Furthermore, it is not unusual for counsel to be kicked off a deal for getting the advice wrong – especially on DIFC matters. The investment banks' growing presence will no doubt force firms to raise their game. But as one partner observes: "Unfortunately, the good and the bad have enough work to keep them going."

The frontier-like nature of the legal market is tangible in other ways. It is almost impossible, for example, to get foreign arbitrations enforced in the UAE (it is not a signatory to the New York Convention), and Saudi Arabia (despite it being a signatory). With a new prime minister and ruler of Dubai, this may change – Dubai has been pushing for the convention to be signed for five years at least. Ministers are now commenting on business transactions such as DP World's controversial takeover of P&O, something that would not have happened under the late Sheikh Maktoum's rule.

There are also signs that the emirates will cooperate more fully, making the UAE much more powerful.

Many eyes are now on the capital, Abu Dhabi, the only emirate to have privatised its utilities through multi-billion dollar independent water and power production projects. The self-styled industrial emirate is now sharing its knowhow and cooperating with Dubai.
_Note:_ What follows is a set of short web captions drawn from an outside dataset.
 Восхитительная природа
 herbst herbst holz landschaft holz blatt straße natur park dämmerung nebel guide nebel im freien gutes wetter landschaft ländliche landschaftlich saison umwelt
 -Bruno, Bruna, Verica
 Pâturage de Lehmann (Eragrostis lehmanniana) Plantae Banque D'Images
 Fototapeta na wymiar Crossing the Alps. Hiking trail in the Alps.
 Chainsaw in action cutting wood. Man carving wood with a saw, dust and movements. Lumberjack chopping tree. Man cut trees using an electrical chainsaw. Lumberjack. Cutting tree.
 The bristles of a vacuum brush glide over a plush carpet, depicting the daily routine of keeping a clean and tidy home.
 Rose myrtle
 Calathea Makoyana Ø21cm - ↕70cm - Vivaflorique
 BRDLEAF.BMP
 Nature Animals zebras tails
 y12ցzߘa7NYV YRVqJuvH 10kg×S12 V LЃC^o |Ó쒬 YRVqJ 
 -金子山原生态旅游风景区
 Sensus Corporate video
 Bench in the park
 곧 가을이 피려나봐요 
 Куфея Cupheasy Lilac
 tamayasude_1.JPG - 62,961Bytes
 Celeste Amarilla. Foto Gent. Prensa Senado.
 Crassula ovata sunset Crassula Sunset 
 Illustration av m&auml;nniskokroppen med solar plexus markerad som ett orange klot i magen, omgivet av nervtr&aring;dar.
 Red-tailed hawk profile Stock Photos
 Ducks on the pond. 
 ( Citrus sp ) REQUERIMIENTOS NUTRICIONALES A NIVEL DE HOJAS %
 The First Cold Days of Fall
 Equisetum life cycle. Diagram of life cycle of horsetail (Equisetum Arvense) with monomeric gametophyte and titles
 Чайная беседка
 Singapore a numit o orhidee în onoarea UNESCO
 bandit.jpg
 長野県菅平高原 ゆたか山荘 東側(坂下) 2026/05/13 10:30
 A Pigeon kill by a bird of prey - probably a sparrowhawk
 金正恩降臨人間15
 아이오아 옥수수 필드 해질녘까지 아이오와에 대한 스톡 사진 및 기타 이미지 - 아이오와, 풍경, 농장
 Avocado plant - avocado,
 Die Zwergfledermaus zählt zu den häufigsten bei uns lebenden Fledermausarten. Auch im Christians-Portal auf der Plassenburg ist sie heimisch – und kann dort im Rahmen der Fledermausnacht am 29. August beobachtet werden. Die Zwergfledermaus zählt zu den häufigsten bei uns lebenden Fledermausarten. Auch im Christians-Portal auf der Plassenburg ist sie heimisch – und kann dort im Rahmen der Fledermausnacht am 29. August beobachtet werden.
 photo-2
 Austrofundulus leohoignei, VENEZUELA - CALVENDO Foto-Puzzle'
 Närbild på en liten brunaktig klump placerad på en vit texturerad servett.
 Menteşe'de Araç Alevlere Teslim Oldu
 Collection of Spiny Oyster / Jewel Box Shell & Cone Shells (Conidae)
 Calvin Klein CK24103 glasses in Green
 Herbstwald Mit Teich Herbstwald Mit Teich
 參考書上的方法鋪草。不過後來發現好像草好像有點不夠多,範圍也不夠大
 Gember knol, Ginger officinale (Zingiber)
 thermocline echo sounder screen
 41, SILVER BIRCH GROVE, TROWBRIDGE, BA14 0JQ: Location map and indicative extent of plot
The recent announcement of a new aluminium smelter halfway between the two cities, in Tawila, which is half-owned by The Dubai Aluminium Company and half-owned by Mubadala Development Company – an investment vehicle owned by the Abu Dhabi Government – is evidence of this.

With the Abu Dhabi investment authority boasting $350bn (£202bn) at its fingertips, in comparison to Dubai's $2bn (£1.2bn), and the prospect of cheap energy and oil reserves for the next 100 years-plus, Abu Dhabi has the power to shape Dubai's fortunes too.

So what is Dubai likely to look like in 10 years' time? With no oil reserves, and the construction boom presumably settling down to a more normal pace, an IP-based economy that builds on the brands in the Middle East that have the potential to become global may be the answer. More federal cooperation is also likely, putting less of an emphasis on Dubai, and more on the UAE as a whole.

As one lawyer puts it: "Dubai is a poor emirate – it has to get out of bed in the morning to make its money." For the law firms, this will mean they will have to work harder for their money.